In prison he developed a lifelong friendship with Thomas Clarke (qv), with whom he communicated by smuggling notes and tapping Morse code on cell walls. During 1888, after the former chief of police in Birmingham made a deathbed confession that Daly and Egan were victims of an agent provocateur, John O'Connor (qv) and Joseph Biggar (qv) raised the question in parliament and visited Egan in prison. Meanwhile, in Ireland the IRB formed a handful of amnesty clubs demanding that their case be reopened, the first of these being the Limerick Irish Political Prisoners Committee. Although the government was not willing to reconsider Daly's case, Egan was given a ticket-of-leave on 21 January 1893, partly in response to the demands of the Irish National Amnesty Association (established 25 August 1892). On his release, a public testimonial was collected for him (raising the modest sum of £87) and he was appointed as a travelling lecturer for the small Amnesty Association of Great Britain, led by Mark Ryan (qv).

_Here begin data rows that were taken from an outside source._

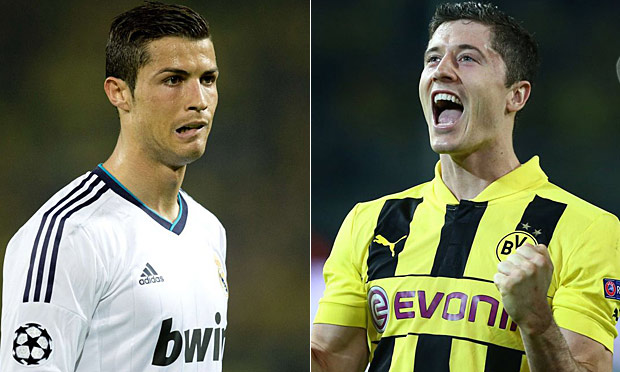 Real Madrid Dortmund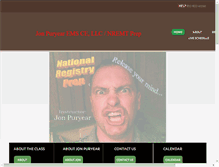 Tablet Screenshot of nationalregistryprep.com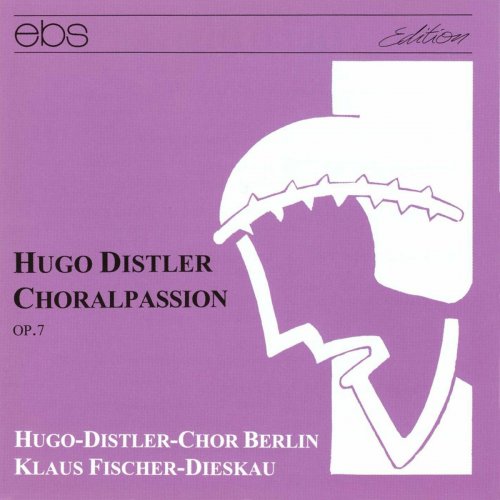 André Cardino - Hugo Distler: Choralpassion Op. 7 (2025)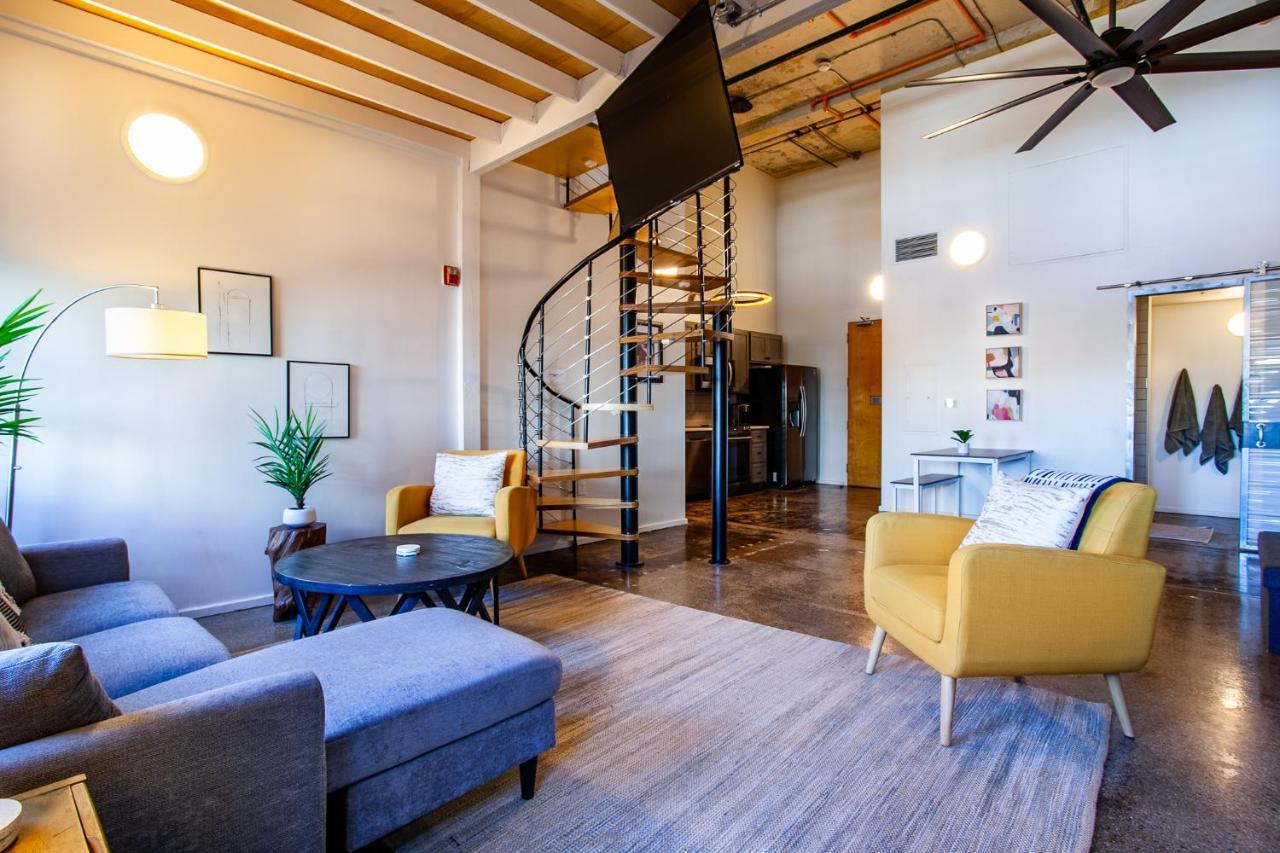 Sterchi Lofts Getaway - Downtown Knoxville Esterno foto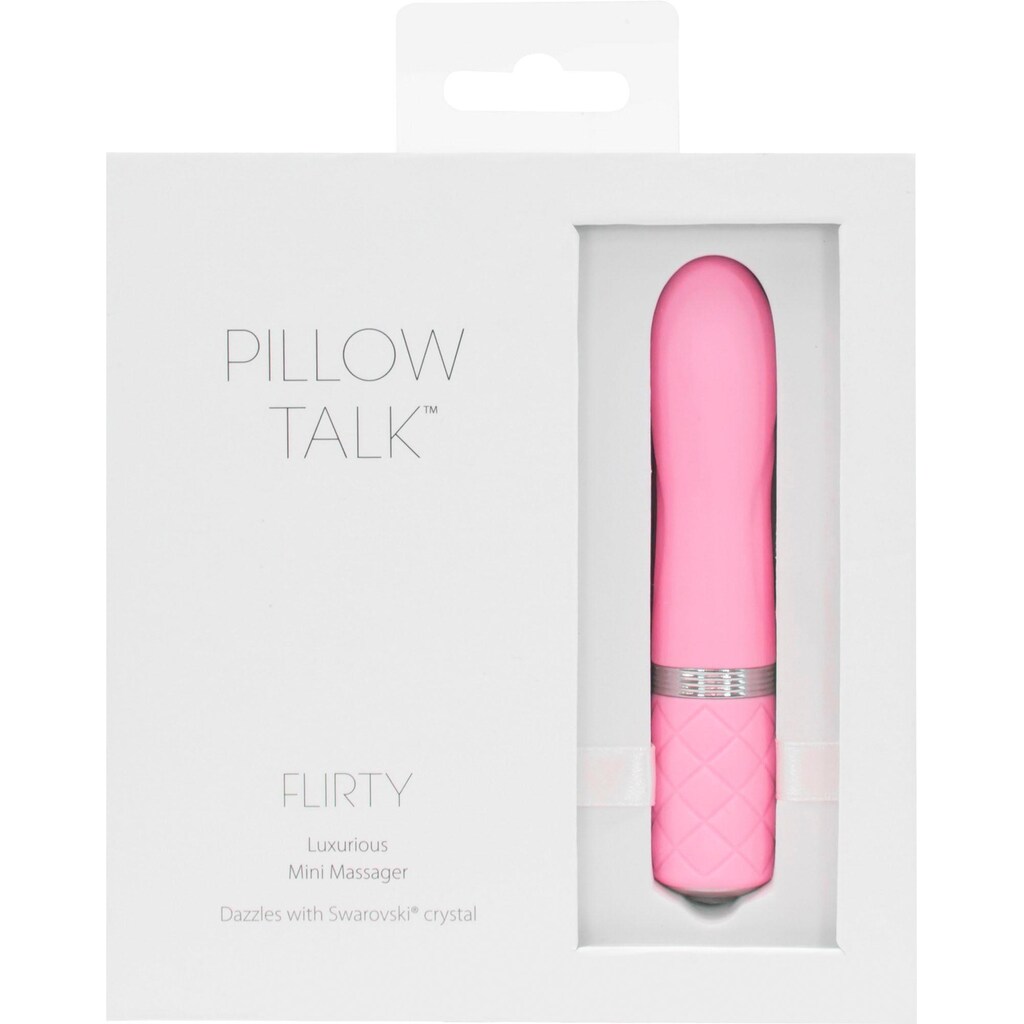 Pillow Talk Vibrator »Pillow Talk Flirty Minivibrator«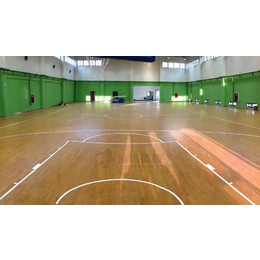 洛可风情运动地板_运动地板_篮球运动地板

From 1894 to 1898, together with Maud Gonne (qv), Egan lectured regularly in the UK and the US in favour of the Amnesty Association, ultimately raising £2,300 before the association disbanded in March 1899, not long after the release of Tom Clarke (Daly was released in October 1896). Simultaneously Egan worked with Ryan in promoting a new underground organisation known as the Irish National Brotherhood (INB). On 4 September 1898 Egan was appointed sword-bearer in Dublin city hall, a well paid sinecure that he held until his death. In February 1900 he was persuaded by Arthur Griffith (qv) to issue a protest against the corporation's plan to give a special reception to Queen Victoria on her visit to Dublin that April. In turn he was granted the freedom of Limerick by John Daly, and in October 1900 was appointed a vice-president of the new Cumann na nGaedheal organisation in Dublin. An active promoter of the Wolfe Tone Memorial Committee (established August 1898), he remained a popular figure in Dublin republican circles, and some important IRB meetings were held at his Chapelizod home during the early 1900s. Though not prominent in the Gaelic League, he was nevertheless made a member of its Oireachtas in early 1905. Tom Clarke lived for a time with Egan in his new Swords home after his return to Dublin on 10 December 1907. Egan died suddenly in the Clarence Hotel, Dublin, on 28 September 1909. His wife, whom he married c.1880 and who had promoted the Daughters of Erin (established September 1900), predeceased him in April 1908. They do not appear to have had children.